Injuries from fireworks are often due to unsafe handling of the devices or being too close. But manufacturer defects, including short fuses and overcharging, can also be the cause. The U.S. Consumer Product Safety Commission (CPSC) states that 65 percent of all fireworks injuries occur in the two weeks on either side of July 4, and a national average of 200 people daily are admitted to the emergency room for fireworks injuries. The consumption of alcohol increases the risk of injury.

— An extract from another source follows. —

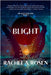 Blight by Rosen, Rachel A.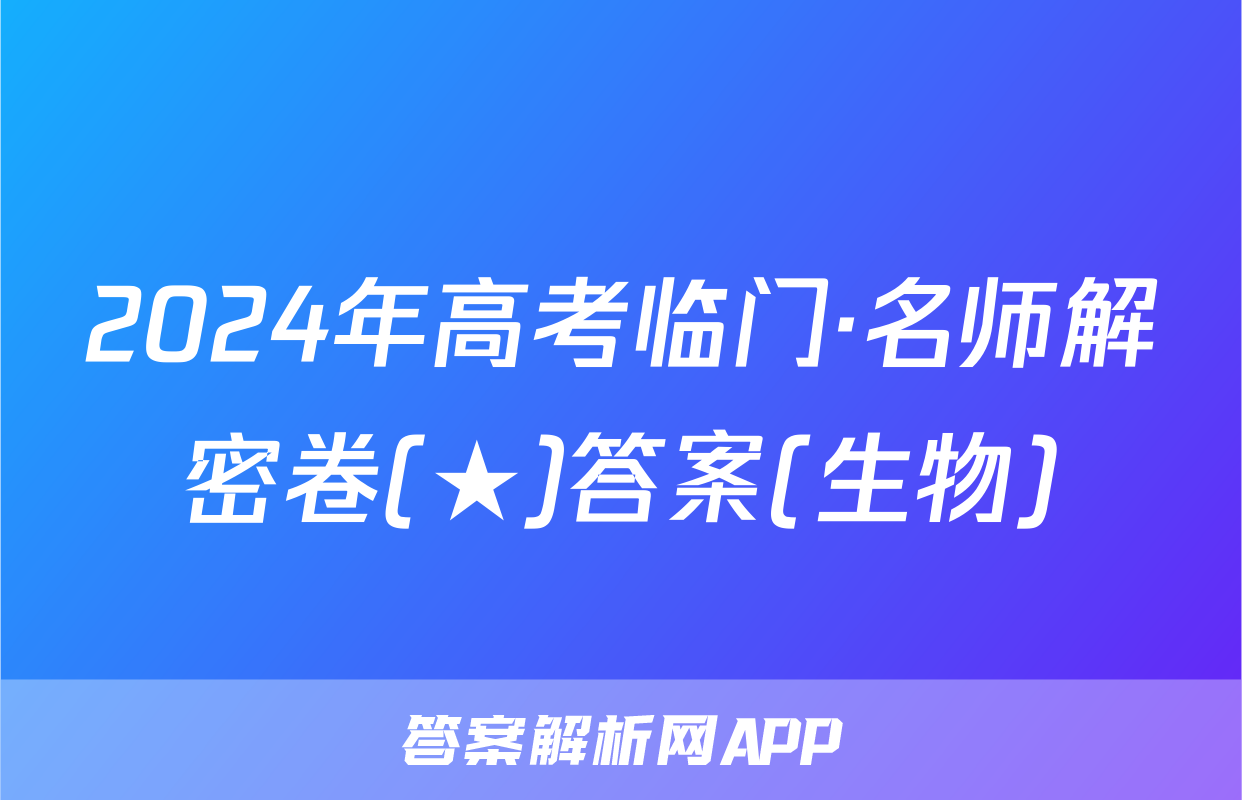 2024年高考临门·名师解密卷(★)答案(生物)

“Fireworks are unpredictable and dangerous,” said Harnish. “Each year, we see holidays ruined with trips to the emergency room from improper use of fireworks. Injuries range from burns to the arms and face, scarring, ear trauma, eye injuries, even loss of limb.”
Children under the age of 15 are the group most likely to sustain injuries from fireworks. Children should never be allowed to play with fireworks of any type. A standard sparkler can burn up to 2,000 degrees Fahrenheit and can cause severe burns or eye injuries. According to the CPSC, sparklers top the list of common fireworks that cause injuries.

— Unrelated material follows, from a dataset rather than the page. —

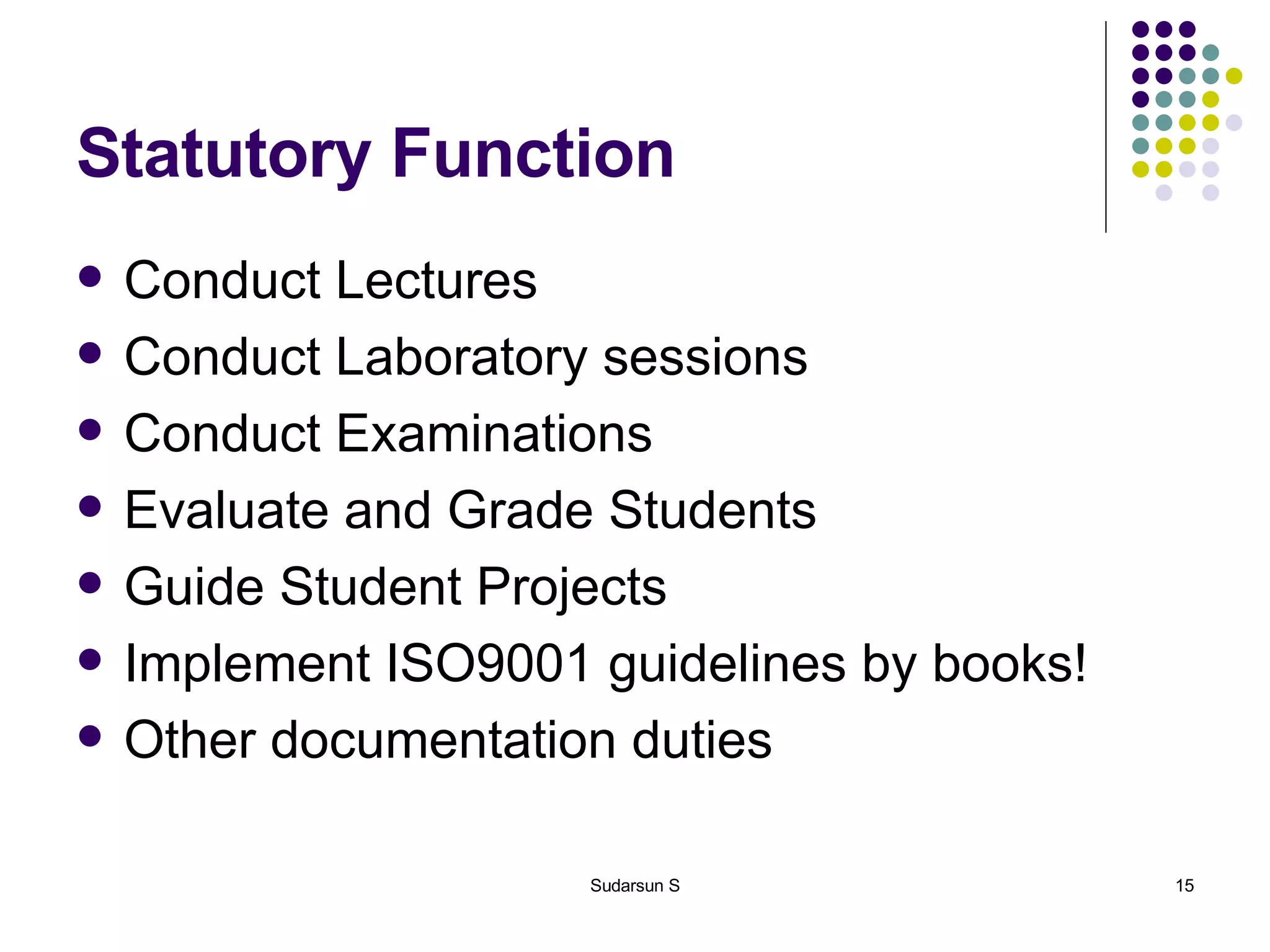 Statutory Function Conduct Lectures Conduct Laboratory sessions Conduct Examinations Evaluate and Grade Students Guide Student Projects Implement ISO9001 guidelines by books! Other documentation duties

In addition to being dangerous, fireworks are illegal to buy, sell, use or store in Knox County. Those in possession of fireworks, even if purchased outside the county, can be cited and face significant fines.
“The best way to enjoy fireworks this Independence Day is to take advantage of one of the many professional fireworks displays taking place across the county,” said Harnish. “These shows are carefully planned by licensed professionals, registered with local fire departments and monitored for safety.”
The city of Knoxville is putting on its free annual Festival on the Fourth in World’s Fair Park. The festival with free food and music begins at 4 p.m. on July 4. The Knoxville Symphony Orchestra will play a free concert at 8 p.m. before a spectacular fireworks display at 9:35 p.m.
Rural/Metro of Tennessee is the largest emergency service provider in East Tennessee, with a combined work force of more than 800 firefighters, paramedics, EMTs, telecommunicators and other support personnel. Rural/Metro Ambulance Service is accredited by the Commission for Accreditation of Ambulance Services (CAAS) with contracts for 911 service in Knox, Blount, Loudon, Franklin and Polk counties.
Rural/Metro Fire Department is the third largest in the state by population protected and has provided fire protection for Knox County since 1977. Rural/Metro Corporation provides emergency and non-emergency medical transportation, fire protection, and other safety services in 22 states and approximately 400 communities throughout the United States.